From the latest newsletter of 18 October 2009, after the issuance of the Goldstone report on war crimes in Gaza:
“Israeli leaders as before try to intimidate the world into silence and some do comply (the US and some Western Countries also feed this addiction with money and weapons and use of veto power to protect Israel from International law).
“However, ethnic cleansing via state terrorism has become more exposed over the decades and Israeli leaders have been frustrated. They started using other coercive tools to affect the Zionist goal of a Palestine free from Palestinians: economic strangulations, bureaucracy, unjust laws analogous to the Nuremberg laws, etc. The major credit for the decreased effectiveness of slaughter as an instrument of policy is Palestinian resistance (most of it civil resistance).
“In the age of the internet, governments and wealthy racists have less control over information. The public even in the US, Holland, France, England etc is largely aware and disgusted by their governments’ support of ethnic cleansing in Palestine. We need to now translate the public mood and sentiment into change in government policy. That takes determination, energy and opportunity.”
The following excerpt from his experience at an Israeli checkpoint on 18 July 2009:
“While there was the obligatory screaming Israeli woman soldier who seemed to delight in torturing the lined-up families, there was also a nicer young dark-skinned Israeli conscript who tried to help facilitate a bit for a Palestinian family with young children. But the system was getting worse not better.
“On the Jordanian side, individuals are given numbers and they sit until their number is called. On the “Israeli side”, the throngs of people used to line at windows but now are crowded and hoping to get a small (not numbered) ticket for the windows only when the blond Israeli young (maybe 18 y.o.) conscript feels like it. He gave tickets to more western-looking Palestinians than dark-skinned or bearded or veiled Palestinians. I took his ticket and gave it to a young Muslim mother behind me and went back.”
Finally, a verse from a poem Prof Qumsiyeh wrote and circulated on 24 Sept 2009:
Those who claim they need their human right
While not sparing children from their plight
Those who champion International laws
While leaving heavy trails of bloody claws
Those who smile plunging knives in your back
While screaming loudly that they are under attack
Those who use a religious heritage to support overt racism
While defaming anyone who dares to speak out: “anti-semitism”!
Read Palestinian dissident Prof Qumsiyeh’s blog for yourself: www.qumsiyeh.org
They are many more dissidents like him in Palestine. Had Mr Bernstein helped draw attention to them to the same degree as Messrs Sakharov and Sharansky, Palestine would have been an independent state by now. And many innocent victims of Israel’s occupation would have been alive.

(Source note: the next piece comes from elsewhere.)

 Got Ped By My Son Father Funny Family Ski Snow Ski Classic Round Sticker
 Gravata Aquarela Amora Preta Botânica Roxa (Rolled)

Not surprisingly, Mr Bernstein’s pro-Israel bias drew a response from Carroll Bogert, the HRW’s Associate director, who indicated that HRW was in fact sticking to its core values by neutrally criticising both open and closed societies. She said HRW “was saddened to read that our founding chairman, Robert Bernstein, opposes holding Israel to the same standards that we apply to the rest of the world.”
She added, “Human Rights Watch does not believe that the human rights records of “closed” societies are the only ones deserving investigation. If that were the case, we would not work on U.S. abuses in Guantánamo Bay, police abuse in Brazil, maternal deaths in India, or the ill-treatment of migrants in the E.U. “Open” societies and democracies commit human rights abuses, too, and Human Rights Watch has an important role to play in documenting those abuses.”
She said that in April 2009, Mr. Bernstein had “brought his concerns about our work on Israel to a full meeting of the Human Rights Watch board of directors. The board rejected his view that Human Rights Watch should report on only closed societies, and expressed its full support for the organization’s work.”
Well done, HRW. At least someone has the guts to resist the pressure.